Workers sort packages after an online shopping spree in November in Guangzhou, Guangdong province. (Photo/China Daily)
Lawmakers have called for stronger regulation of the legal responsibilities and obligations of third-party platforms and enhanced protection of consumers' rights in the draft of the country's first e-commerce law.
The draft law was submitted for its first reading at the 25th session of the 12th National People's Congress Standing Committee.
During the discussion, Yin Zhongqin, vice-chairman of the Financial and Economic Committee of the National People's Congress, said third-party platforms play a pivotal role in e-commerce, and the purpose of the law is to promote e-commerce and protect consumers' rights.

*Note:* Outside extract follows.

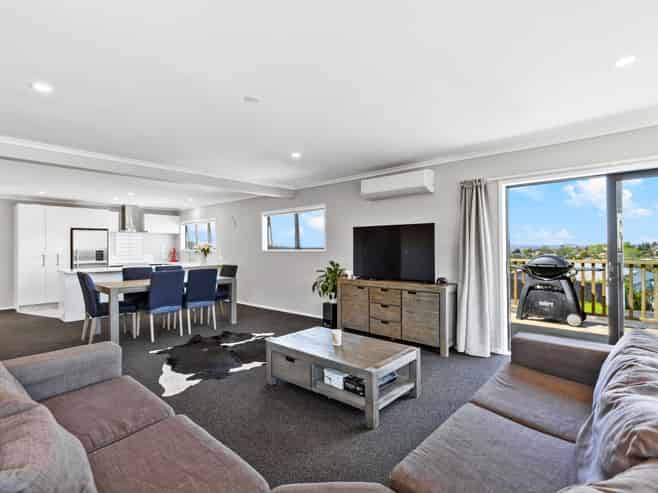50 Garton Drive, Massey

The draft emphasizes the duties and obligations of third-party platforms, stipulates the utilization and protection of e-commerce data and information, and regulates the electronic contract and payments, and express logistics services.
Legislator Liu Zhengkui said e-commerce business operators should disclose information on goods or services comprehensively, truthfully and accurately, and safeguard consumers' rights being informed.
He suggested third-party platforms should offer compensation to consumers if the platform doesn't check the authenticity of the information released by the operators of the platform.
Liu said the platforms should establish related organizations to deal with complaints from consumers and help consumers safeguard their rights.
"This could not only crack down on fake and shoddy goods, but also strengthen their responsibility and enhance the reputation of third-party platforms."
China is the world's largest e-commerce market. The turnover of the country's online shopping market reached 3.8 trillion yuan (7 billion) last year, according to iResearch Consulting Group.
Protection of personal information is a highlight of the draft law. The draft stipulates that e-commerce business operators must ensure the security of consumers' personal information.
Legislator Han Xiaowu said there should be more detailed regulations to protect consumers' legitimate rights, file a lawsuit and claim for compensation, especially when their information security is infringed.
JD.com Inc, China's second-largest e-commerce player, said the draft will help establish a fair and impartial market order and promote the healthy development of the whole e-commerce industry.
Xue Jun, associate dean of the law school at Peking University, said e-commerce enterprises should comply with the country's regulations on business activities.
Xue added that the platforms should also assist investigations by administrative authorities.